Companies used to think that foreign work lacked quality and was hard to supervise. These two mind-sets are no longer true as GECIS's example demonstrates.
The Benefits
The most obvious benefit of offshoring is the low cost. Compared to a U.S. call center, offshoring can save companies up to 50% in operational expenses. But there is more to why people are shipping call centers to countries such as India besides cost. Benefits such as an educated, English-speaking labor pool, low employee turnover, and complimentary time zones all make offshoring attractive.

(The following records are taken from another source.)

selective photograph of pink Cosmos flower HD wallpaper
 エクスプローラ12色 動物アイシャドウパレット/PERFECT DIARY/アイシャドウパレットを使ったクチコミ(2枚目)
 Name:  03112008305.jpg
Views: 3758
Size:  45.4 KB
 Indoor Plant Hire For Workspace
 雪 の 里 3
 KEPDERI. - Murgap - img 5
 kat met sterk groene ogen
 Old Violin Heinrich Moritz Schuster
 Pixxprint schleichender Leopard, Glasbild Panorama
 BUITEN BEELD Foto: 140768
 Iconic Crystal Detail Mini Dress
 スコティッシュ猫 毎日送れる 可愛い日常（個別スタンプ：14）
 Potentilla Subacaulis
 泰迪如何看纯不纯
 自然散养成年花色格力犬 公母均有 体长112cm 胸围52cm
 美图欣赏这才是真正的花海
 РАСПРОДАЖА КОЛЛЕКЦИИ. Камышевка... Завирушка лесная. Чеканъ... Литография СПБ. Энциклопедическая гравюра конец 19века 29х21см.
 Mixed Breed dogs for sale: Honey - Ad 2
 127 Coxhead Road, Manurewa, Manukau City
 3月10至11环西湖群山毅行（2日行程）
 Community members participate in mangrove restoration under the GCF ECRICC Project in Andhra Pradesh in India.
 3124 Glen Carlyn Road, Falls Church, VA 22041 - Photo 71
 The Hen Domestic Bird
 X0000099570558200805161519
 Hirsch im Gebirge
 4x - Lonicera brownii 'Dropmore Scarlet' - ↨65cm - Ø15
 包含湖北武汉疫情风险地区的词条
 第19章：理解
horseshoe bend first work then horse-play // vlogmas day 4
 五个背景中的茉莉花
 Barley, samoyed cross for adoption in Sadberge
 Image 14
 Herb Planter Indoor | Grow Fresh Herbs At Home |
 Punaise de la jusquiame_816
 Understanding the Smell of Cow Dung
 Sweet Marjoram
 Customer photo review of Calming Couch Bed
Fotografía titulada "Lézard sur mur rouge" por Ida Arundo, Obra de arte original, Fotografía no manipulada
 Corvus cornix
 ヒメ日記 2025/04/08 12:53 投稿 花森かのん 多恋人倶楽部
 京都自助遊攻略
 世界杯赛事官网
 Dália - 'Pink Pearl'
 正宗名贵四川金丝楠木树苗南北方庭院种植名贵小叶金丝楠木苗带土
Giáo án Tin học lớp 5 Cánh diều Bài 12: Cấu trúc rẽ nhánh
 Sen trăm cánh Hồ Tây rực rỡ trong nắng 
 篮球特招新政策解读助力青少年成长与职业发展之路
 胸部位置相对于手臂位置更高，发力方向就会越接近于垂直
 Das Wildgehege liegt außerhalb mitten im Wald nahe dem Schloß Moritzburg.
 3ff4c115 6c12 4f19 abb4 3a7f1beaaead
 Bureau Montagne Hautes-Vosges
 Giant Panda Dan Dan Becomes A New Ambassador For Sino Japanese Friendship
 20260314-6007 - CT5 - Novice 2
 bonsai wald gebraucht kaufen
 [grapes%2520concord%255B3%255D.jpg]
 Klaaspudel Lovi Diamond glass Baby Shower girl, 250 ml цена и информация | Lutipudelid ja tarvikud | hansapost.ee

Let's look at India. India is home to the largest educated English-speaking population in the world. Other than language, the geographical location of India lends itself well to a 24x7 operation. The time zone difference between the United States and India is about 12 hours. This means that a job submitted at 6 p.m. Pacific Standard Time (PST) reaches India at 6 a.m. and is completed by 6 a.m. PST the following morning. Another positive feature of India is the country's highly motivated workforce. U.S. call centers often experience low morale and very high turnover, usually 40%-70% annually. Considering the time and costs associated with training new agents, it becomes difficult to maintain quality service at a low cost. Currently, Indian call centers have an average turnover rate of 5%. We expect that this number will go up.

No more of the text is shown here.